In this lab we train a deep neural network TensorFlow model on Cloud ML Engine. The task is to classify successful marketing phone calls of a Portuguese banking institution.

Products: Cloud ML Engine

Frameworks: TensorFlow

Preparations

  1. Enable the Cloud ML Engine API
gcloud services enable ml.googleapis.com

Preparing the model

  1. Visit the origin of the dataset at UCI Machine Learning Repository

  2. For your convenience, the data has been prepared into training and evaluation sets in mlengine/data/. All the numerical variables except for age have been normalized.

  3. Open the model file trainer/model.py in your code editor and examine the objects CSV_COLUMNS, INPUT_COLUMNS, etc, which encode your data format

  4. Take a look at TensorFlow documentation and fill in the missing feature columns in build_estimator function

  5. Navigate to the repository folder in your Cloud Shell and set the environment variables

TRAIN_DATA=$(pwd)/mlengine/data/bank_data_train.csv
EVAL_DATA=$(pwd)/mlengine/data/bank_data_eval.csv
MODEL_DIR=$(pwd)/mlengine/output
  1. Change directory to mlengine and try the training locally
gcloud ml-engine local train \
    --module-name trainer.task \
    --package-path trainer/ \
    --job-dir $MODEL_DIR \
    -- \
    --train-files $TRAIN_DATA \
    --eval-files $EVAL_DATA \
    --train-steps 1000 \
    --eval-steps 100

Training the model in ML Engine

  1. Set the environment variables
BUCKET_NAME=$GOOGLE_CLOUD_PROJECT-mlengine
REGION=europe-west1
  1. Create a bucket for ML Engine jobs
gsutil mb -l $REGION gs://$BUCKET_NAME
  1. Copy the data into the bucket
gsutil cp $TRAIN_DATA $EVAL_DATA gs://$BUCKET_NAME/data/
  1. Reset the environment variables for data
TRAIN_DATA=gs://$BUCKET_NAME/data/bank_data_train.csv
EVAL_DATA=gs://$BUCKET_NAME/data/bank_data_eval.csv
  1. Set the environment variables for the training job
JOB_NAME=bank_marketing_1
OUTPUT_PATH=gs://$BUCKET_NAME/$JOB_NAME
  1. Run the training job in ML Engine
gcloud ml-engine jobs submit training $JOB_NAME \
    --job-dir $OUTPUT_PATH \
    --runtime-version 1.10 \
    --module-name trainer.task \
    --package-path trainer/ \
    --region $REGION \
    -- \
    --train-files $TRAIN_DATA \
    --eval-files $EVAL_DATA \
    --train-steps 10000 \
    --eval-steps 1000 \
    --verbosity DEBUG
  1. View the job logs in Cloud Shell
gcloud ml-engine jobs stream-logs $JOB_NAME

or, alternatively,

  1. Inspect the training process on TensorBoard (open web preview on port 6006)
tensorboard --logdir=$OUTPUT_PATH

Hyperparameter tuning

  1. Learn more about hyperparameter tuning (see also here)

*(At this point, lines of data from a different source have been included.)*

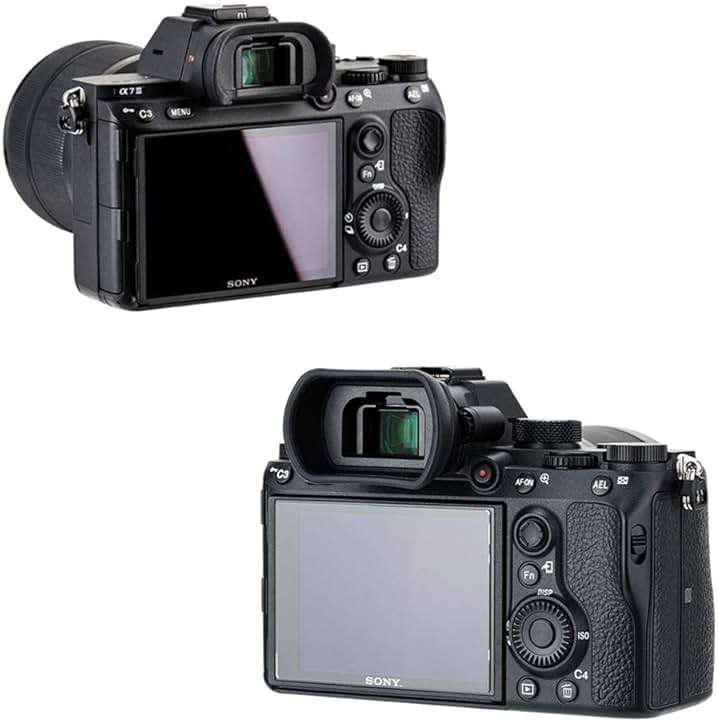 2 Packs Eyecup Eyepiece Eyeshade for Sony a7III a7II a7 a7R IV a7R II a7R III a7S II a9 a58 a99 II Viewfinder Replaces Sony FDA-EP18 FDA-EP16 FDA-EP15 Eye Cup - Image 6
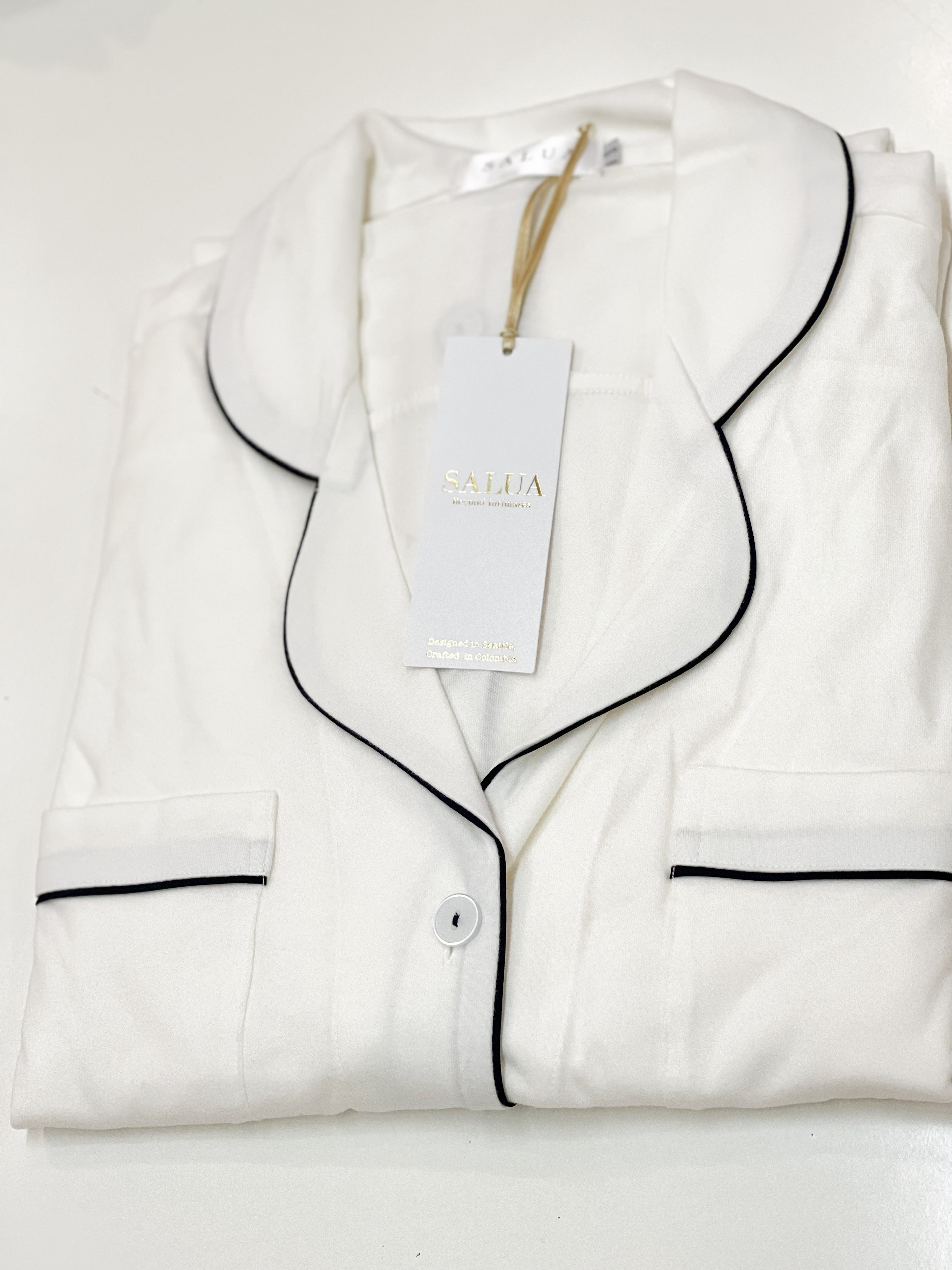 Luxury Sleep Shirt - Long Brushed Pima Cotton Nightshirt | Limited Colors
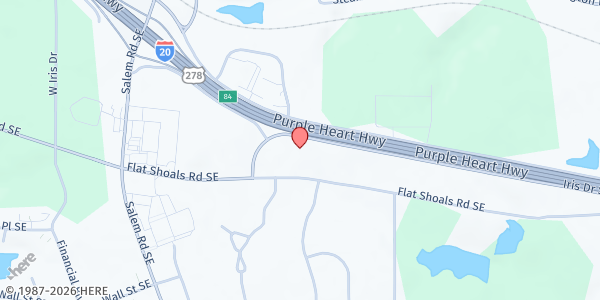 Map showing First African CDC-Rockdale at 2285 Iris Dr SE, Conyers, GA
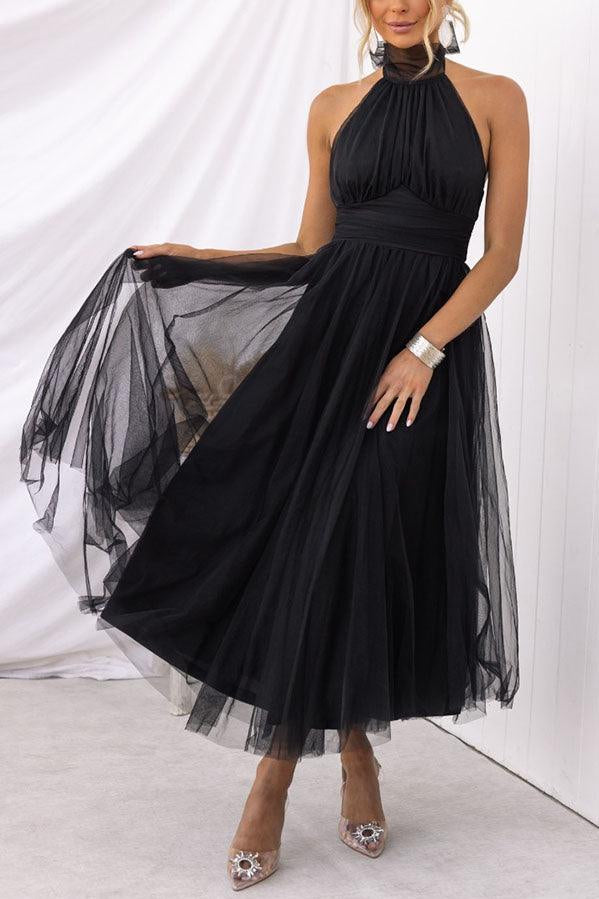 Sukienka maxi z tiulu z detalami w stylu fairy vibes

  2. Open hptuning_config.yaml in your code editor and fill in the missing code

  3. In the mlengine folder, set the environment variables

HPTUNING_CONFIG=$(pwd)/hptuning_config.yaml
JOB_NAME=bank_marketing_hptune_1
OUTPUT_PATH=gs://$BUCKET_NAME/$JOB_NAME
  1. Run training with hyperparameter tuning
gcloud ml-engine jobs submit training $JOB_NAME \
    --job-dir $OUTPUT_PATH \
    --runtime-version 1.10 \
    --config $HPTUNING_CONFIG \
    --module-name trainer.task \
    --package-path trainer/ \
    --region $REGION \
    --scale-tier STANDARD_1 \
    -- \
    --train-files $TRAIN_DATA \
    --eval-files $EVAL_DATA \
    --train-steps 10000 \
    --eval-steps 1000 \
    --verbosity DEBUG
  1. View the job logs in Cloud Shell
gcloud ml-engine jobs stream-logs $JOB_NAME

or, alternatively,

  1. Inspect the training process on TensorBoard (open web preview on port 6006)
tensorboard --logdir=$OUTPUT_PATH/<trial_number>/

Deployment

  1. Set the environment variable
MODEL_NAME=bank_marketing
  1. Create a model in ML Engine
gcloud ml-engine models create $MODEL_NAME --regions=$REGION
  1. Select the job output to use and look up the path to model binaries
gsutil ls -r $OUTPUT_PATH
  1. Set the environment variable with the correct value for <trial_number> and <timestamp>
MODEL_BINARIES=$OUTPUT_PATH/<trial_number>/export/bank_marketing/<timestamp>/
  1. Create a version of the model
gcloud ml-engine versions create v1 \
    --model $MODEL_NAME \
    --origin $MODEL_BINARIES \
    --runtime-version 1.10
  1. From the mlengine folder, inspect the test instances
cat data/bank_data_test_no.json
cat data/bank_data_test_yes.json
  1. Get the prediction for two test instances
gcloud ml-engine predict \
    --model $MODEL_NAME \
    --version v1 \
    --json-instances \
    data/bank_data_test_no.json
gcloud ml-engine predict \
    --model $MODEL_NAME \
    --version v1 \
    --json-instances \
    data/bank_data_test_yes.json

The End

Recommend Projects

  • React photo React

    A declarative, efficient, and flexible JavaScript library for building user interfaces.

  • Vue.js photo Vue.js

    ๐Ÿ–– Vue.js is a progressive, incrementally-adoptable JavaScript framework for building UI on the web.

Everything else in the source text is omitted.